Venezuela no puede seguir perdiendo el tiempo, ya que las condiciones internacionales, hoy, no le son favorables, y seguir insistiendo en los argumentos históricos no pesan demasiado en un mundo en el que la mayoría de los países del tercer mundo tienen fronteras arbitrarias generadas en la época colonial, y que no desean abrir la Caja de Pandora de las rectificaciones fronterizas.

 

Esto no quiere decir que no debemos hacer nada, todo lo contario. Hay que prepararse jurídica y políticamente para poder enfrentar los argumentos de Guyana con argumentos sólidos, no sólo basados en la historia sino en materia económica, ecológica y fundamentalmente jurídica. Para eso hay que crear un equipo profesional y multidisciplinario apoyado por los mejores expertos internacionales para estar preparados a ir a una instancia judicial que puede ser un arbitraje o la Corte, si no se ha logrado antes un acuerdo político basado en una mediación de un tercero calificado que ponga fin al conflicto presentando un acuerdo práctico y satisfactorio para las partes.
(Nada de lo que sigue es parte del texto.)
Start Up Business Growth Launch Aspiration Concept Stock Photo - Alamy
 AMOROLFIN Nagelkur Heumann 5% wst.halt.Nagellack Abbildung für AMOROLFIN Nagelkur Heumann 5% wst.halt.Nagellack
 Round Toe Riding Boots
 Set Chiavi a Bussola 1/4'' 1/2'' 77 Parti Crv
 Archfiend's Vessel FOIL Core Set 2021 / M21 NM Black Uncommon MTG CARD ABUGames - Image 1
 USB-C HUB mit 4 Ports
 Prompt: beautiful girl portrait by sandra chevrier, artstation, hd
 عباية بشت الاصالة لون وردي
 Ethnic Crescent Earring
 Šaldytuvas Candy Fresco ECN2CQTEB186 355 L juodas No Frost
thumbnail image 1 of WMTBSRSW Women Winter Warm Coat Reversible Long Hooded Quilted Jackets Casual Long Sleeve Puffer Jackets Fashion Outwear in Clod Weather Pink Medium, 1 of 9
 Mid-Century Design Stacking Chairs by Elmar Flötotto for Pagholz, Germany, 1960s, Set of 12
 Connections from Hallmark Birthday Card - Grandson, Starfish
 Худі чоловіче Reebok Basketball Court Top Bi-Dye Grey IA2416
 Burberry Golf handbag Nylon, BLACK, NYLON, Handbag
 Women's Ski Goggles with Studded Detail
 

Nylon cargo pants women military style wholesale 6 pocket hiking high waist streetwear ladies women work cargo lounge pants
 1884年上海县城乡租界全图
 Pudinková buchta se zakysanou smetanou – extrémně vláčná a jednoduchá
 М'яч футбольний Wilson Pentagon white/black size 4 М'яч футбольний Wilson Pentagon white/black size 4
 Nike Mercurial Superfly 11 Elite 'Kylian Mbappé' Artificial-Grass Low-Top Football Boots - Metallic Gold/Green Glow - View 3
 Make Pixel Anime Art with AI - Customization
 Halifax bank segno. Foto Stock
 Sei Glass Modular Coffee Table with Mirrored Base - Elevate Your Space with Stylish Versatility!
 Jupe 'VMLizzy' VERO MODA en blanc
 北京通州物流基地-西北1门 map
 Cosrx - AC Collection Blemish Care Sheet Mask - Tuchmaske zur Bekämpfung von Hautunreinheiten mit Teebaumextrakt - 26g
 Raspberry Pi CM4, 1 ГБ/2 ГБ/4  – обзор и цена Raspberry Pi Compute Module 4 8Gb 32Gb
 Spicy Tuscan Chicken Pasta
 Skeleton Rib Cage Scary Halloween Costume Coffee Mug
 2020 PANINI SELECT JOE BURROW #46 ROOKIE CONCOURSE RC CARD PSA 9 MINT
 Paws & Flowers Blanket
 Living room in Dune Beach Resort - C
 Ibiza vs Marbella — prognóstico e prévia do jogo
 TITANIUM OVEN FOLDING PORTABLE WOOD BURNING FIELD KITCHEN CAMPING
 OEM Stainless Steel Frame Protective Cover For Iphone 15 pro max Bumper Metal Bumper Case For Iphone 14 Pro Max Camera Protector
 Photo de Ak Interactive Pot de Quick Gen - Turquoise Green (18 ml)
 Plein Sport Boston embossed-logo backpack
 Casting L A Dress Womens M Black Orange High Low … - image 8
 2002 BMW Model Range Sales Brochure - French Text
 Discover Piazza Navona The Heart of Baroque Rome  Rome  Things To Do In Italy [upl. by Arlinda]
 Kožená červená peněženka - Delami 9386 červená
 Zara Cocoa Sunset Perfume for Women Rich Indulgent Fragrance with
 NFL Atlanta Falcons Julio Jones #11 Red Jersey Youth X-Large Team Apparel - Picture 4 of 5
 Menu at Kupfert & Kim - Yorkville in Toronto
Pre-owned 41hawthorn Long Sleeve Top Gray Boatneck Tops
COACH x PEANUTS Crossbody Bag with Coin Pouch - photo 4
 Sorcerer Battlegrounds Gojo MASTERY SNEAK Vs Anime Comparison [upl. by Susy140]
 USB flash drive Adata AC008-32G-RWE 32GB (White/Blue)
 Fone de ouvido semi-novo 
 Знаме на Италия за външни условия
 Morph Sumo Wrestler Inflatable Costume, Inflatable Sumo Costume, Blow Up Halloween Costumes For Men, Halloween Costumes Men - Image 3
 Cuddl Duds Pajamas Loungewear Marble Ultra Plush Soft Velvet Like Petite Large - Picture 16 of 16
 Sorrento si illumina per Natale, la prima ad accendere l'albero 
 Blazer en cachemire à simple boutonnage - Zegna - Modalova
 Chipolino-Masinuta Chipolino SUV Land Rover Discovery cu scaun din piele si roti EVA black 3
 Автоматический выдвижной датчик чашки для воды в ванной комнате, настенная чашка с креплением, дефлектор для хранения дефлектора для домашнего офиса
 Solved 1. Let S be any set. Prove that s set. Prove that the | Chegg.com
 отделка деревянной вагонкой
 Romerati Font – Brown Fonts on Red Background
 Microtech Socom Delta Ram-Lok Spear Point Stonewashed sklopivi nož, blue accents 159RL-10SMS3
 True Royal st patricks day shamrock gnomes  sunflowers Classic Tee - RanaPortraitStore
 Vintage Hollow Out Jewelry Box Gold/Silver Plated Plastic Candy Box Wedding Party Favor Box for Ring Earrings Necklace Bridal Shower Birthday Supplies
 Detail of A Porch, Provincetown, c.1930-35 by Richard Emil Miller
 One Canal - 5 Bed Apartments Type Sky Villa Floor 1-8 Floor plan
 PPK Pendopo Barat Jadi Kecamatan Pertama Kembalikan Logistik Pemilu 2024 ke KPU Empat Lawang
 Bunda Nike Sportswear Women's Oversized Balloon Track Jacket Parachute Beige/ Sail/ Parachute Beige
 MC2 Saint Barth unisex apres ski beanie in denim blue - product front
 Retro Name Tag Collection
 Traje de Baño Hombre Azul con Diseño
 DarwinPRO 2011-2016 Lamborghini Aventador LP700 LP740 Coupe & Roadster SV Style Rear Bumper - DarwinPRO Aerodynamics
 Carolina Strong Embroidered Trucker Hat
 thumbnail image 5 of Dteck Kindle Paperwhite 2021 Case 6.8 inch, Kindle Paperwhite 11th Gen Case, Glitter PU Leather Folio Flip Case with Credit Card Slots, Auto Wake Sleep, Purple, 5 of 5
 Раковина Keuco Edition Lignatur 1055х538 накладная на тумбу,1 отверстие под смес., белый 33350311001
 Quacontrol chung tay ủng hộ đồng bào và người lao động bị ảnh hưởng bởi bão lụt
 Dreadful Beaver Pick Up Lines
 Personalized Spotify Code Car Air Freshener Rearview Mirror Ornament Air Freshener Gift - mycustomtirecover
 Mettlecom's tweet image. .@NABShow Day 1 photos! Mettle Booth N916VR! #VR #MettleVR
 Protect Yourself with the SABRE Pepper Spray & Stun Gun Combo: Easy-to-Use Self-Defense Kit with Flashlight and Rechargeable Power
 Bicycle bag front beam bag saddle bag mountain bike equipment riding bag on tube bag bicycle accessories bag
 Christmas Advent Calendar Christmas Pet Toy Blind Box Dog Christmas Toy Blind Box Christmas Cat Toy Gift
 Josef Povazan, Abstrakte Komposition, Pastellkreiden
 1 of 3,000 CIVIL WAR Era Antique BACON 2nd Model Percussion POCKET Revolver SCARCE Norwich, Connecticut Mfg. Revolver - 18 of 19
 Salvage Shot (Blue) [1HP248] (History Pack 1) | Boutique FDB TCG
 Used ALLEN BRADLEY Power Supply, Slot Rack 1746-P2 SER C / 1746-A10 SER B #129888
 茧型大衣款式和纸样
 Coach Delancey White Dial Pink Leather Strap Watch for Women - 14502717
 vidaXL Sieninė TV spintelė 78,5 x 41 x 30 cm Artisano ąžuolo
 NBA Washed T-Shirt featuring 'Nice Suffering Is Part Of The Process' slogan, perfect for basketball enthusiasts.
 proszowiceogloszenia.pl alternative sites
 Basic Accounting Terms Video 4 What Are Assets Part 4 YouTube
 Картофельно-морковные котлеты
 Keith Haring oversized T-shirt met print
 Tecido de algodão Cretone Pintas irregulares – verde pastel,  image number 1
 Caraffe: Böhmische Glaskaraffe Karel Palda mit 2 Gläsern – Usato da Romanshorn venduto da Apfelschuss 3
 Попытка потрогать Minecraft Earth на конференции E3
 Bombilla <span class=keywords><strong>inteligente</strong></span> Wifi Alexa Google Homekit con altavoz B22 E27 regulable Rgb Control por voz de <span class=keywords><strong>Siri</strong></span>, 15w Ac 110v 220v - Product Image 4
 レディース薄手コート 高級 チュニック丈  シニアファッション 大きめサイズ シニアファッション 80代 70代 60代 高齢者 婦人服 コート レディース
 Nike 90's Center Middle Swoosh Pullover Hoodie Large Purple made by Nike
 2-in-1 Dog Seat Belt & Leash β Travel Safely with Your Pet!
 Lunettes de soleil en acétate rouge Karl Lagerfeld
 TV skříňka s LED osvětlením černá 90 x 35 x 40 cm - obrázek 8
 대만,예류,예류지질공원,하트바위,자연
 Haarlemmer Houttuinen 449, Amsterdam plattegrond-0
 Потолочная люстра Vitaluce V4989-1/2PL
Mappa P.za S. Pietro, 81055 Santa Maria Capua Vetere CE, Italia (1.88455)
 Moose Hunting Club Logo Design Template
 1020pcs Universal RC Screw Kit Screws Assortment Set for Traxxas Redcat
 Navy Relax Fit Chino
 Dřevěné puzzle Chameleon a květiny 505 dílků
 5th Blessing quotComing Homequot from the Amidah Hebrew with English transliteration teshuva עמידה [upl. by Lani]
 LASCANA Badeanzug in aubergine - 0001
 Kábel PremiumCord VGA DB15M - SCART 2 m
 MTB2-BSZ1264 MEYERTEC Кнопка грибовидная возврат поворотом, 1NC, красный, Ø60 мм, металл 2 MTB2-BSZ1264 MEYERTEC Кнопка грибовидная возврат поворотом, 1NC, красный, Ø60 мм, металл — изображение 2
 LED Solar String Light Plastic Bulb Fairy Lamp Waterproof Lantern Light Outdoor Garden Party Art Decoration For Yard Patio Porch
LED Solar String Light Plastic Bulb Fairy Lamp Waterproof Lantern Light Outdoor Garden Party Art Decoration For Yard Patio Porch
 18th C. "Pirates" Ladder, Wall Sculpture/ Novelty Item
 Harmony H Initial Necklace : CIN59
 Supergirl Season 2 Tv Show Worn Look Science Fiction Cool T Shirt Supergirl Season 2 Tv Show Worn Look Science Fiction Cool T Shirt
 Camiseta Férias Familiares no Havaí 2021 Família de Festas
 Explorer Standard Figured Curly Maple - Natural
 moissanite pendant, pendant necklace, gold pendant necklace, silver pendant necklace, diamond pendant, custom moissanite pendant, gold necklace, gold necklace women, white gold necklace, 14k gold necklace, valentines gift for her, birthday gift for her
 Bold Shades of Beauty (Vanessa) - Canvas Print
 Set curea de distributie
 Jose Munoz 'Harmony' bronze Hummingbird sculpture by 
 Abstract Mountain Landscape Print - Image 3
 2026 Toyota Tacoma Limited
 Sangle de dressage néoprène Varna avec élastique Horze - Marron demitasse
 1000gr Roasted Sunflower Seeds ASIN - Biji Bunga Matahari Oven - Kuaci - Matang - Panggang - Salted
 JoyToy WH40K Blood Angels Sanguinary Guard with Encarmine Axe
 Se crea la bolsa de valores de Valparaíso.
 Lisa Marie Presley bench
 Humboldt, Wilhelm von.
Un ejemplo de este tipo de solución fue la mediación del Vaticano en aquél conflicto que casi llegó a la guerra, entre Argentina y Chile, por la delimitación del canal del Beagle.

 

Es importante que este delicado y espinoso tema sea tratado con la mayor prudencia y como un asunto de Estado y no de la lucha política interna y apetencias erróneas y peligrosamente ingenuas, y que Venezuela logre la mayor protección a su fachada atlántica y no vea cercenado su libre e ininterrumpido acceso al Atlántico.

 

El Acuerdo de Ginebra fue sin dudas un gran logro de la diplomacia venezolana, pero de poco ha servido en estos 50 años por la falta de decisión y hasta de habilidad política de nuestros distintos gobiernos en explicarle al país que un acuerdo sólo era posible entendiendo que ni Guyana ni Venezuela podrían pretender, cada uno, obtener en la negociación la satisfacción del 100% de su pretensión; y que un acuerdo práctico y satisfactorio de la controversia requería ponderar los intereses en juego y determinar qué podía ser lo más conveniente para nuestro país.

 

El  tiempo perdido se ha transformado en una verdadera espada de Damocles que reposa sobre nuestras cabezas y que está convirtiendo, políticamente hablando,  a Guyana en víctima y a Venezuela en agresor, con el riesgo de que la solución del conflicto no sea ya un acuerdo práctico sino una sentencia judicial.

 

No podemos seguir lamentándonos del injusto despojo del que fuimos víctimas en el siglo XIX, sino que tenemos que prepararnos para poder, de la mejor manera posible, argumentar por qué el Laudo de 1899 es nulo, y si lo lográsemos probar quedaría por resolver la delimitación entre Venezuela y Guyana en la que estarían en juego las dos terceras partes del actual territorio guyanés. Como es fácil imaginarse, ambas tareas son hoy bastante cuesta arriba y nos lamentaremos de no haber resuelto la reclamación cuando el asunto estaba en manos de los dos países.